Beyond The Charts - The Circle of Impact Explained

Circle of Impact -5 QsI received a question that I want to answer here.

Read you about your tools for clarity and connection.

May I ask you a personal question?

The tools are sound yet...what is the next step for you personally? What is the part you play in this scenario. Give the tools and step aside? I read something about you clients?

The form did not require us to talk much about ourselves.

The tools for clarity and connection are the first three charts that I ever created. 

Leading Through Times of Transition
The Circle of Impact
Five Questions That Every Leader Must Ask

Since I first wrote this post, I've expanded the number and range of the diagrams that I've created. Their purpose is to provide a guide for group thought and interaction.

You can download the current set of guides here.

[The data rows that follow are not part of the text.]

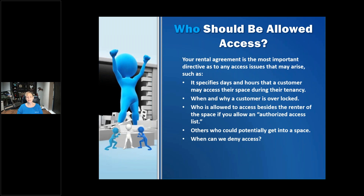The rental agreement should also specify when and why a customer is overlocked. For example, if the lock on the space isn't very good, we might put another lock over it. I've seen luggage locks on units, and I've even seen a shoestring — one young guy said it was the only thing he could figure out, so he took it out of his shoe and tied a knot in it. A shoestring is not a secure way to protect your space.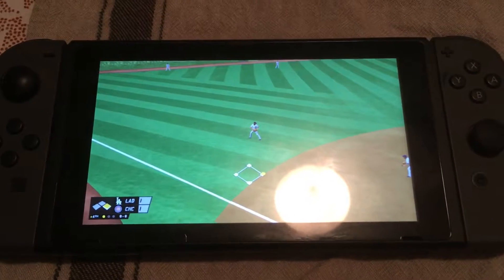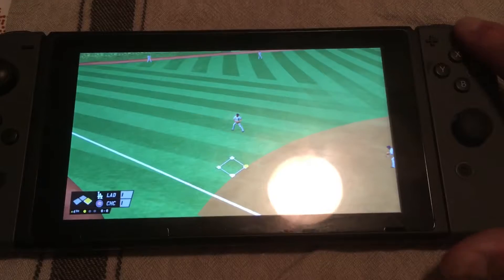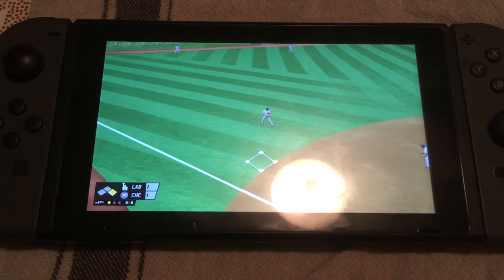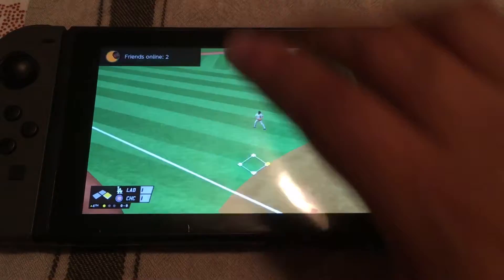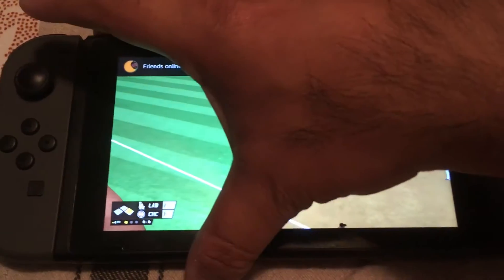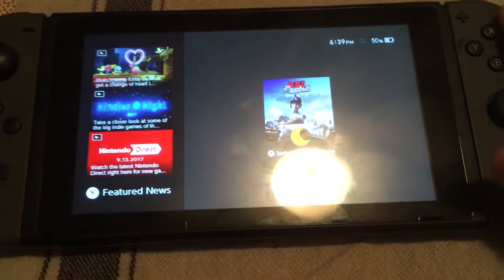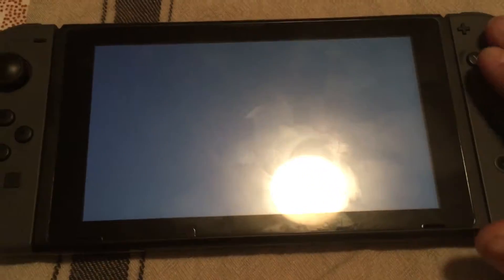Here's another bug of RBI Baseball 2017 — it just froze. My wife was talking to me so I had to give her my attention. I didn't want to miss the pitch, so I just put it to sleep, and then when I turned it back on, nothing happens — it's just stuck there.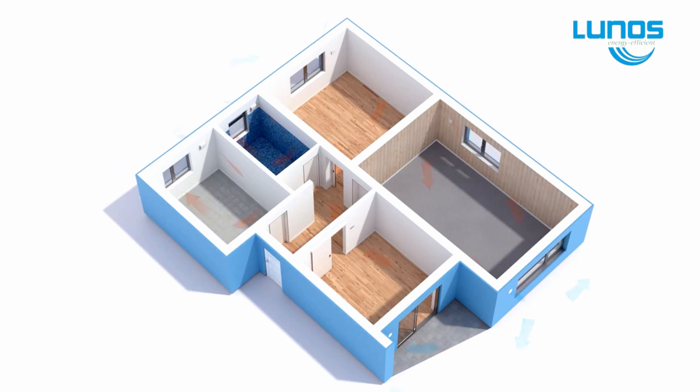LUNUS is perfect for large multi-level dwellings or small standalone units. Unlike some ducted systems, the LUNUS fans are very quiet running, so everyone gets a good night's sleep.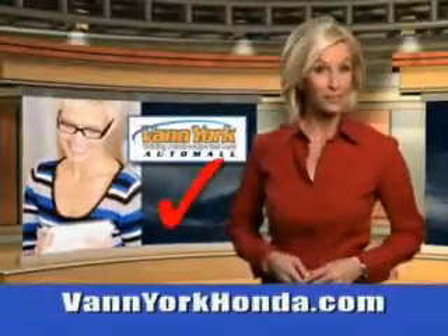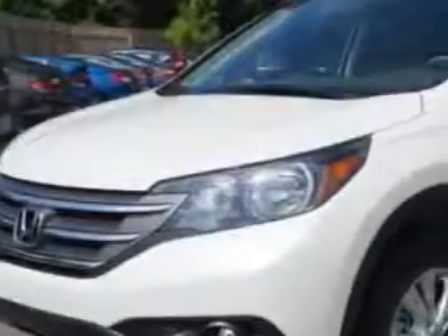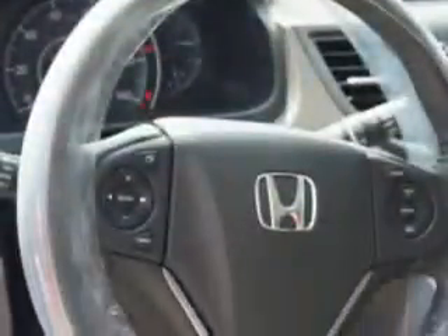Every year, more and more Triad buyers put Van York Honda on their shopping list. White Diamond 2014 Honda CR-V SUV All-Wheel Drive, equipped with a 4-cylinder engine. Enjoy an exceptional 30 miles to the gallon on this great SUV with features like remote power door locks,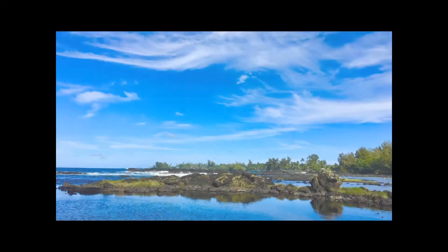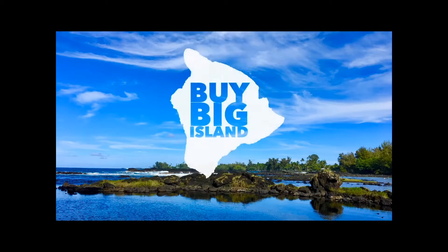So when you're looking up a realtor and you see RS, RB, BIC, PB after the name, what does all that mean? We're going to talk about that up next. Hey, what's going on friends? Dylan Onaka here with the Buy Big Island video blog, and today we're going to talk about types of real estate licenses.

These diagrams grew out of conversations I was having with people. I'd have a notepad out, and I'd draw the situations they were describing on the page, and then make connections. At first, I didn't see the imagery that you find here. A pattern began to arise and that's when I decided to develop the diagrams as tools for helping make complex situations both more simple and dynamic.

Circle of Impact- simple

By simple, the Three Dimensions of Leadership refer to three main areas that affect us in organizations: Ideas, Relationships and Organizational Structure. The difficulty is thinking about them all at the same time, hence the need to think dynamically.

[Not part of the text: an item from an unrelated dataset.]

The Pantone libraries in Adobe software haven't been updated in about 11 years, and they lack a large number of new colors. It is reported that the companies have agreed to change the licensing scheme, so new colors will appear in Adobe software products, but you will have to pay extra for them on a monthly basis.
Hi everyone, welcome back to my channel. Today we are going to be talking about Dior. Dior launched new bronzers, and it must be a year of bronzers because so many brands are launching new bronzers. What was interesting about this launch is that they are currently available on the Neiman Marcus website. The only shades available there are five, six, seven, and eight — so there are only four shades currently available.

By dynamically, take any one of the three dimensions, and try to understand the impact of the other two on it. For example, what's the impact of relationships and ideas on organizational structures. If very little, then you need to elevate the role of conversation between people about ideas in the organization as one step toward resolution.

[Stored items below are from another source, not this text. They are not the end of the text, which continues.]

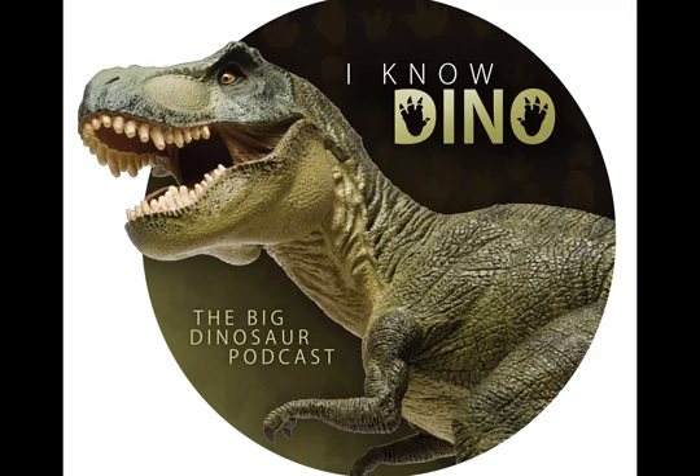Probably one of the coolest things about Diplodocus is its whip tail. Scientists think that it may have been able to break the sound barrier. A paleontologist who came up with that theory is Phil Curry, who we have an interview with in a later podcast episode. The tail could have made a bullwhip sound to either scare predators or could have been used for courtship purposes.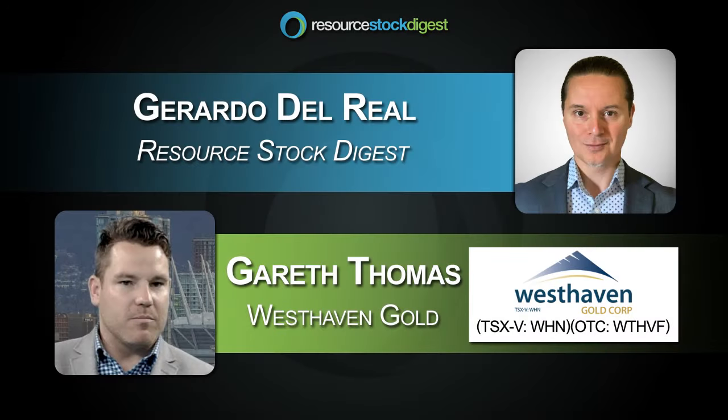This is Gerardo Del Real with Resource Stock Digest. Joining me today is the President and CEO of West Haven Gold, Mr. Gareth Thomas. Gareth, congrats on a brand new discovery that the market seems to like. How are you, sir?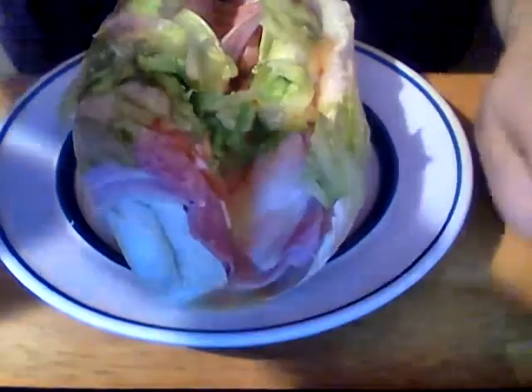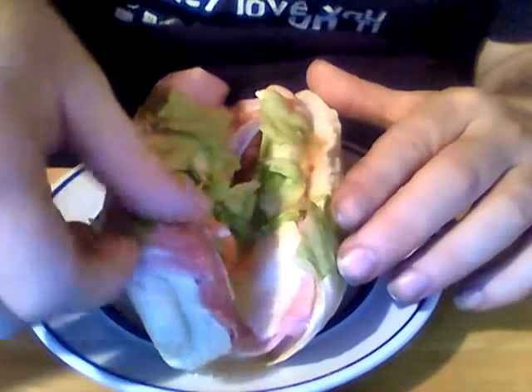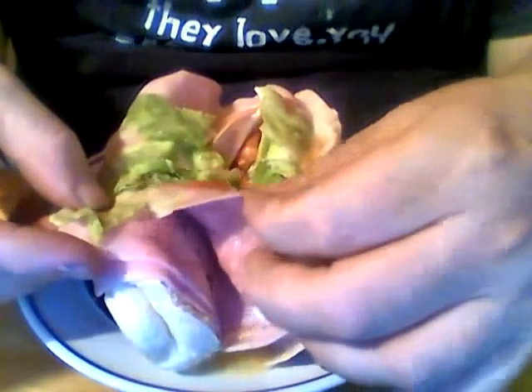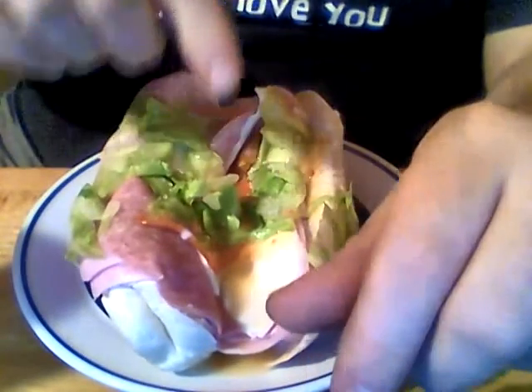Anyway, this is what the combo sub looks like. There's lettuce, tomatoes, cheese, and a lot of chipped ham. I thought that was pepperoni at first, but that's salami — chipped ham, lettuce, tomatoes, cheese — and I also got a lot of Italian dressing. I like putting Italian dressing on cold cut subs, like that turkey italiano. I love Italian dressing or a vinaigrette.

The tools are for conversational purposes. I use them in my work to help clients move more quickly through a process of discovery to a point of decision followed by action.

I've found that the charts have a great power to identify problem areas, and their solutions. If the problems are simple, then the charts identify how to move into action. The charts are intended to accelerate decision-to-action processes.

For example, let's say that is some undefined problem that exists but lacks some clarity about what it is. Using the Circle of Impact guide, we begin by asking,

"Is this an Idea problem, a Relationship one or something about how we are Structured as an organization?"

If you cannot answer the question with any certainty, then you take the dimension that seems most likely, and begin there. Do this because ultimately, all three dimensions must come into alignment for most problems to be resolved.

These disagrams have helped me considerably to be able to see what the problem of the moment is without referring to the charts at all. This dynamic of interaction about ideas, relationships and structures give those who learn to use it an advantage over those who simply think in less dynamic  ways.

The next step
Implied in the question, I'm assuming, is how do I use these in my work. If I'm giving these away for free, how does this come back to me as a benefit?

The more people use my charts, the more they will begin to see situations that need change that are highly complex. This is where I enter the picture. Whether it is with an individual or with an organization. I'm helping with these complex transitional processes.

Transition through Time

The Transitions chart simplifies something that is not simple at all. The initial question is:

How do I take my organization through a process of change? How do we make these transitions?

This is where my client projects come from. Because the path from one stage to the next is not always easy to identify and even more difficult to accomplish. People hire me to mentor them through these processes.

Think of it in terms of a team of explorers who have only the most rudimentary information about what the future holds. I work with leaders who must make transitions without a clear or comprehensive understanding all the time. They need perspective and tools for making decisions.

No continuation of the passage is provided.